The distinctive slanted display allows the main screen to be seen easily from both an over-the-shoulder position, and when placed on a table top. And that display shows lots of helpful information, clearly indicating record levels, the soundfile parameters, power levels, remaining record time, and more. That easy-to-read display is one advantage of the large design. In what could be seen as a pro or con, there’s a speaker installed in the HD-P2. This does allow for easy auditioning of audio without headphones, but it also adds weight and size to the machine. Additionally, the speaker is on by default if there are no headphones connected, creating an opportunity for feedback or at least unwanted audio while recording.
With so many of the new flash recorders fitting in a pocket, this one feels oddly cumbersome, but not long ago, most professional field recorders were this size and weight. The venerable Sony TCD5 and Marantz PMD 221 cassette recorders were about these dimensions, as were several portable DAT recorders, such as the popular Tascam DAP-1. The HD-P2 is a clear successor to that machine, but with a few noteworthy differences.
The HD in the name is for “High Definition” and the HD-P2 can record at sample rates up to 192 khz, at 16 or 24 bit. Recording at the maximum resolution will burn through memory six times as fast as the common standard of 44.1 khz, 16 bit, but if such high resolutions are required, the smaller, more consumer-oriented machines will not record at those sample rates.
Even at its most basic settings, the sound quality of the HD-P2 is quite good. The mic preamps are clean and smooth, not suffering from the hiss and crunch that plague many of the less-expensive machines. There’s not quite enough gain to bring a typical dynamic omni mic up to the ideal level during an average interview, but it gets close, and the preamps are quiet enough that making-up some gain at the editing and mixing stage does not add unpleasant noise.

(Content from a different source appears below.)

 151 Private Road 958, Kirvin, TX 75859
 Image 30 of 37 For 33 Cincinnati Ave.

There’s no automatic gain control, but there is an effective limiter that does a good job at controlling stray peaks. Input gain is controlled by large concentric dials on the front of the recorder, allowing fine control of record volume in real-time.
There is a single, mono, built-in mic, which is sufficient for non-critical dictation or interviewing, but, like the mics in the Marantz recorders, not suitable for high-quality recording.

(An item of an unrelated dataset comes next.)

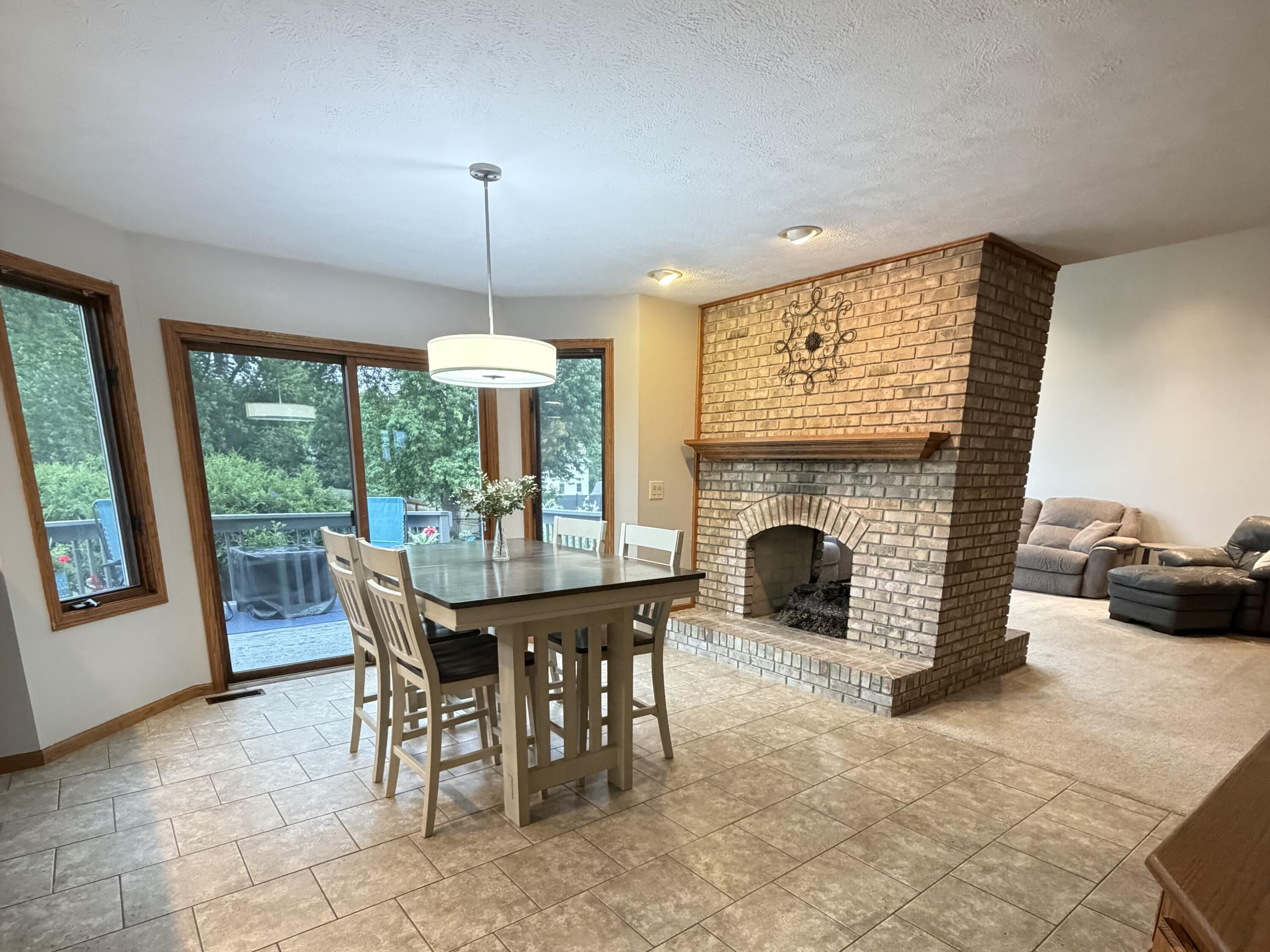 2547 Moerland Drive NW Grand Rapids MI 49504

There’s an effective 20dB pad on the mic inputs when confronting loud sources, and a low-cut switch does a good job at reducing rumble from wind or handling noise.
The recorder also includes Time Code options, it will sync to incoming SMTE time code for synchronizing with film and video productions and will accept word-clock input for syncing to other digital devices. This is of little use to most audio-only productions, and it’s easy enough to just turn-off and ignore, but if it’s needed, this is one of the least expensive recorders to offer this kind of interfacing. The HD-P2 does not generate time code, so it cannot be used as a time code source, but it will lock to most types of incoming time code.
The HD-P2 does not offer any space-saving compressed formats, no MP2 or MP3 recording on this machine. Its lowest setting is uncompressed .wav files at the standard 16-bit 44.1 khz. At that resolution, 13.5 hours of stereo recording will fit on an 8 gigabyte memory card, 3.3 hours on the more common 2 gig cards.
Although large cards can be used, there is a maximum size of 2 gigabytes for any individual file, so one must be sure to split long recordings into multiple “takes” if necessary. This is easily done: simply pressing the record button while recording starts a new take, and these takes can be reassembled in a digital editor without gaps or glitches at the transitions.
The HD-P2 uses Compact Flash media, and Tascam has a list of recommended brands and models on their website, but most standard cards should work fine. There is an internal speed check available through the system menu which will indicate whether the card that is currently mounted is capable of recording at the various supported sample rates and bit-depths. The manual cautions that this is an approximate test, and should only be used as a guideline, but even so, this is an incredibly valuable tool, especially if one is using high-resolution recording parameters, and is unsure of the write-speed of the CF card being used.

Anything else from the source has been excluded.